Comp150CPA: Clouds and Power-Aware Computing
Classroom Exercise 9
Transformations and Schemas
Spring 2011

group member 1: ____________________________ login: ______________

group member 2: ____________________________ login: ______________

group member 3: ____________________________ login: ______________

group member 4: ____________________________ login: ______________

group member 5: ____________________________ login: ______________

In class we have studied how Pig statements transform data schemas. Let's explore this in more detail.
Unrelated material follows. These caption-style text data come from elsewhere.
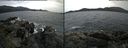 ./images/rivers-inlet/ethel/20160605/ethel20160605_134958.jpg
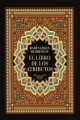 EL LIBRO DE LOS ATRIBUTOS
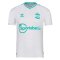 2023-2024 Southampton Away Shirt (LYANCO 4)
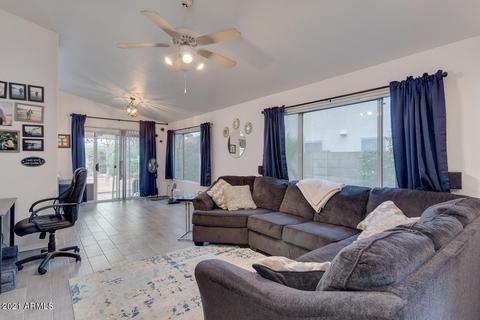 3220 E Sierra St, Phoenix, AZ 85028 photo 8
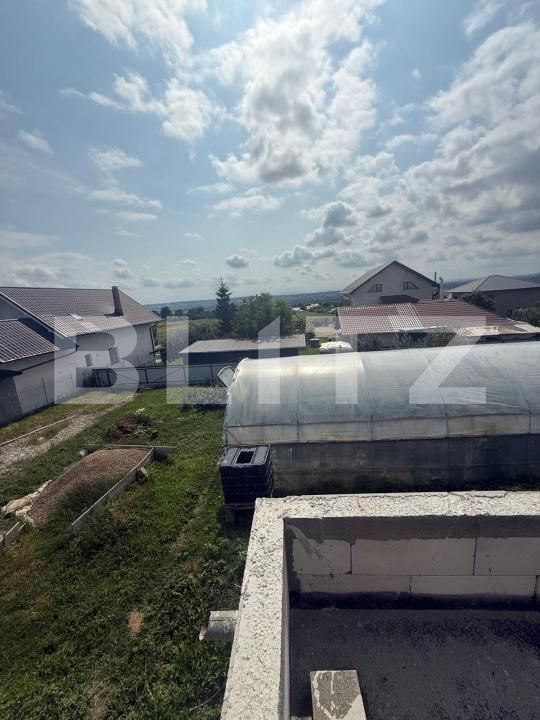 Casa de vânzare 7 camere Periferie - 175321CV | BLITZ Suceava | Poza6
Suppose that inside Pig, we have

grunt> DESCRIBE x; 
x: {name: chararray, bored: int}
grunt> DESCRIBE y; 
y: {name: chararray, joking: int}
  1. What schemas result from the following statements?
    1. z = FOREACH x GENERATE name;

      z: {name: chararray}
    2. z = FILTER x BY name=='Alva';

      z: {name: chararray, bored: int}
    3. z = GROUP x by name;

      z: {group: chararray, x: {name: chararray, bored: int}}
    4. z = JOIN x BY bored,y BY joking;

      z: {x::name: chararray, x::bored: int, y::name: chararray, y::joking: int}
    5. z = GROUP x by name;
      w = FOREACH z GENERATE group as name, x.bored as bored;

      w: {name: chararray, bored: {bored: int}}
  2. (Advanced) The Pig cookbook advises that one should use FOREACH-GENERATE to omit unneeded columns as early as possible and as often as possible. Why?
    Answer: The reason is that as you project data out of your active dataset, the local calculations become easier and the mapping and reduce phases become less costly in CPU time and memory. The earlier you can do this, the more computation time and memory you save. This does not necessarily make the computation faster, though judicious use has been reported to speed up computations by as much as a factor of 10. What it does do, in all cases, is to save money if you are paying for CPU time, as is true if you are doing your pig jobs on Amazon EC2.